Don’t take this as arrogance on my part – I have a huge soft spot for the startups, and that is a land of incredible energy and innovation. There are also great examples of startups that broke through. While mine barely made it to acquisition, I remember it very fondly.
Speaking for myself and what I see in EMC – there’s a hyper-awareness of disruptive technologies, and a willingness to cannibalize ourselves where it’s the right thing, and at the right time. We believe in Andy Grove’s “only the paranoid survive” mantra.
So – with all that said – what the heck did we show that would result in THAT intro?
At VMworld 2011, session SPO3977 was called “Next-Generation Storage and Backup for Your Cloud”. We discussed the current state of the art around backup and recovery in the VMware context – which is about vCenter integration, the vStorage APIs for Data Protection for agentless backup and single step file level restore, use of Changed Block Tracking to accelerate BOTH backup and restore. That, and of course the fact that source and target dedupe approaches are now universal “gotta do it” capabilities.
But then we looked a little further out.

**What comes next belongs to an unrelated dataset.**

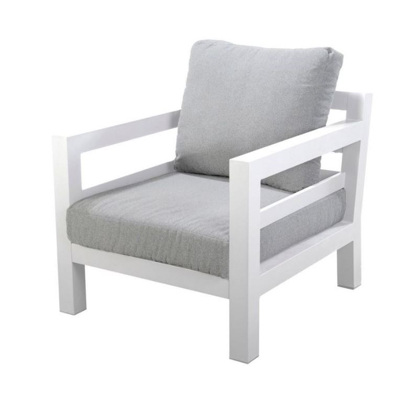 Afbeelding van Midori lounge chair alu white/mixed grey Yoi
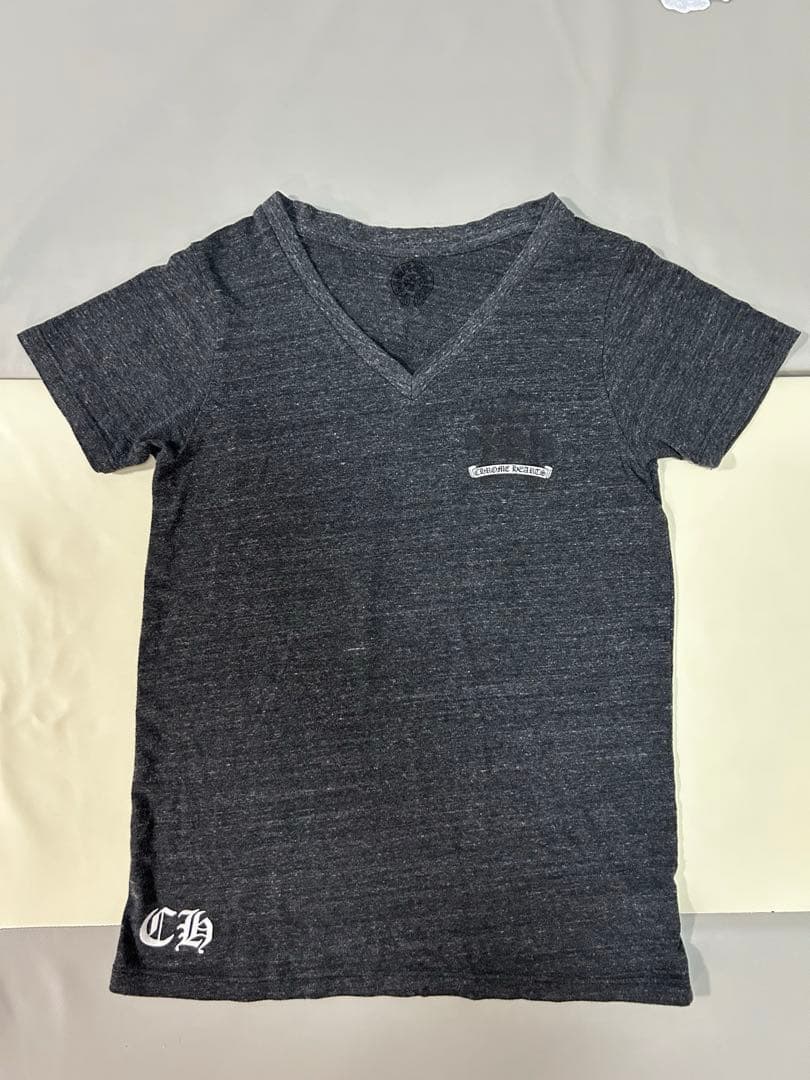 【格安】CHROME HEARTS ダークグレー Vネック Tシャツ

There is a “weakly addressed” (in vendor speak – in customer speak, I bet they would call it “non-addressed”!) use case – which is vCloud Director.
To backup and restore vCD is not simple:
You have to backup the vCD database.
You need to backup the core vCenter structures which reflect the vCD structures (resource groups as an example)
You need to backup the vApps themselves
You need to backup the vCD catalog.
You need to be able to restore – respecting the core structures of multi-tenancy – after all, you need to restore the objects backed up in the list above without affecting adjacent tenants.
You need to be able to offer this backup/restore service to the tenant themselves – after all, cloud is all about self service.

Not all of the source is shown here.